--- Records for this exercise Enclosed Below ---

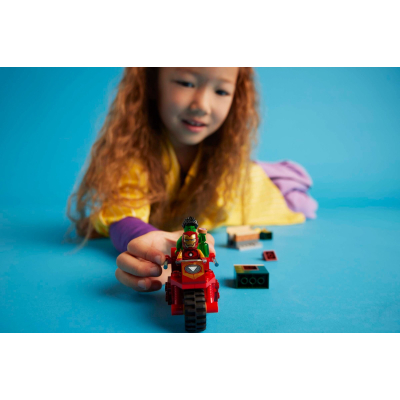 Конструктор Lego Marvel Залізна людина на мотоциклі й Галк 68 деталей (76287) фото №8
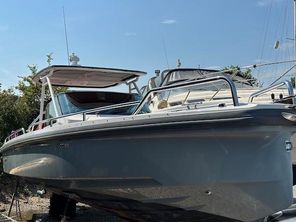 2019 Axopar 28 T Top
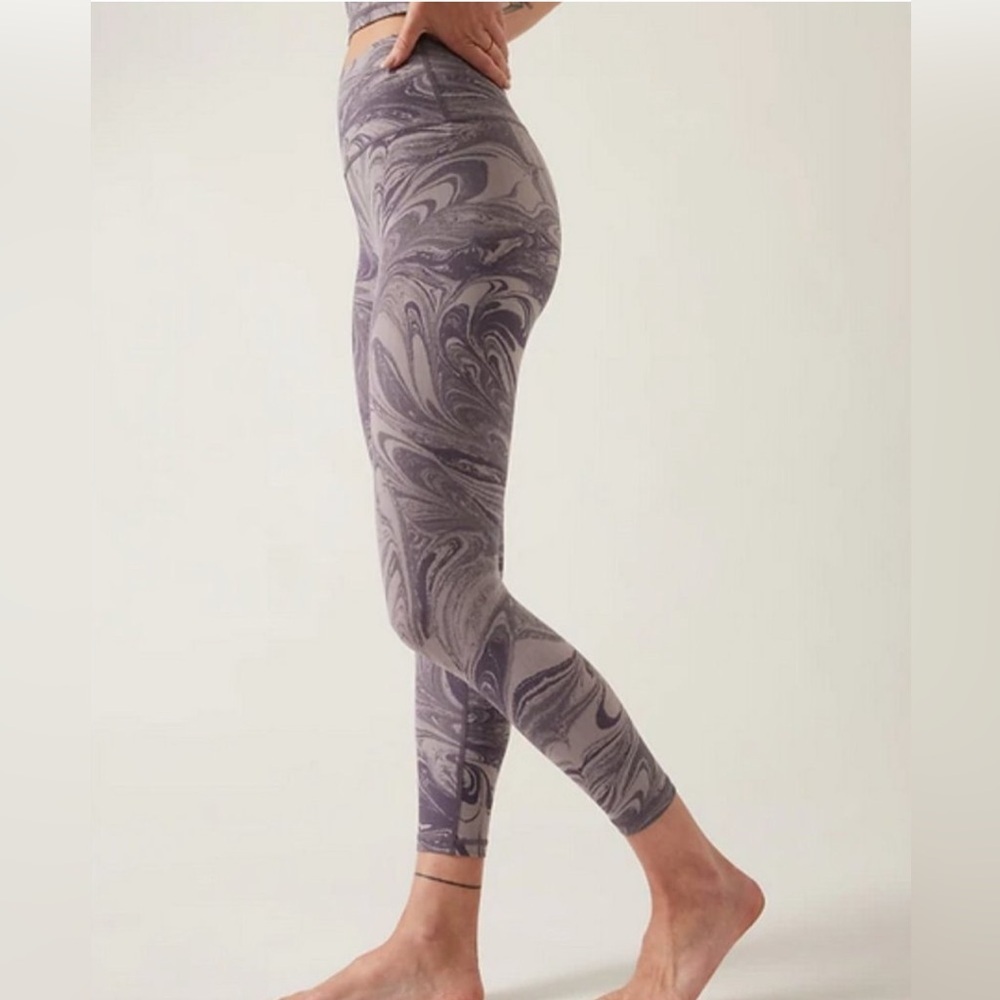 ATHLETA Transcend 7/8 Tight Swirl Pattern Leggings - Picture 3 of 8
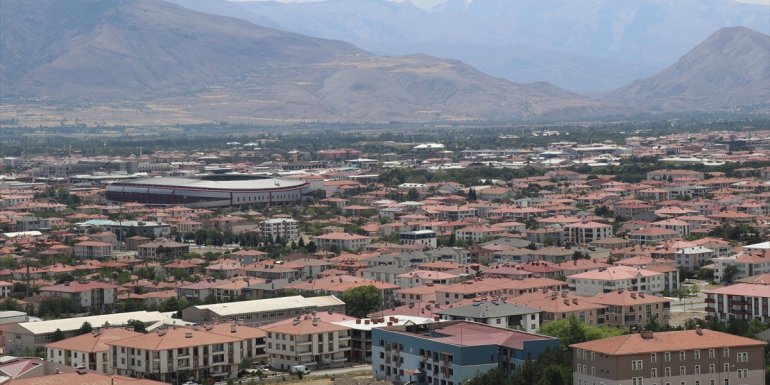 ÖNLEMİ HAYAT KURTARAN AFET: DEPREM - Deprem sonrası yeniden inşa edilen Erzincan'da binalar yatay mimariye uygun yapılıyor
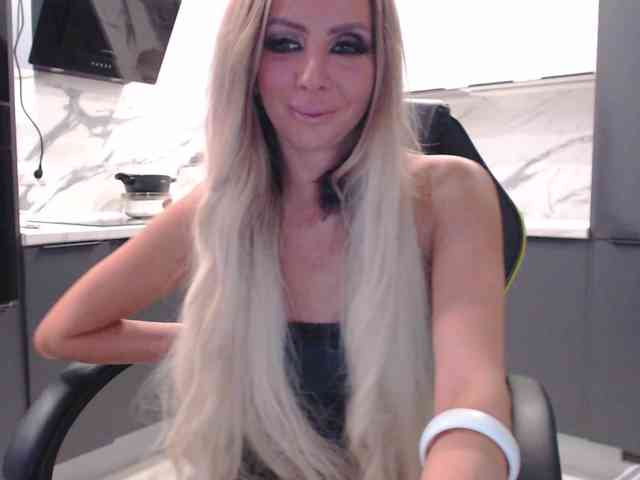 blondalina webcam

--- End of Enclosed Records for this exercise ---

* **Work request**
Please reproduce the records above exactly, leaving out every picture.

* **Worked solution**
 Конструктор Lego Marvel Залізна людина на мотоциклі й Галк 68 деталей (76287) фото №8
 2019 Axopar 28 T Top
 ATHLETA Transcend 7/8 Tight Swirl Pattern Leggings - Picture 3 of 8
 ÖNLEMİ HAYAT KURTARAN AFET: DEPREM - Deprem sonrası yeniden inşa edilen Erzincan'da binalar yatay mimariye uygun yapılıyor
 blondalina webcam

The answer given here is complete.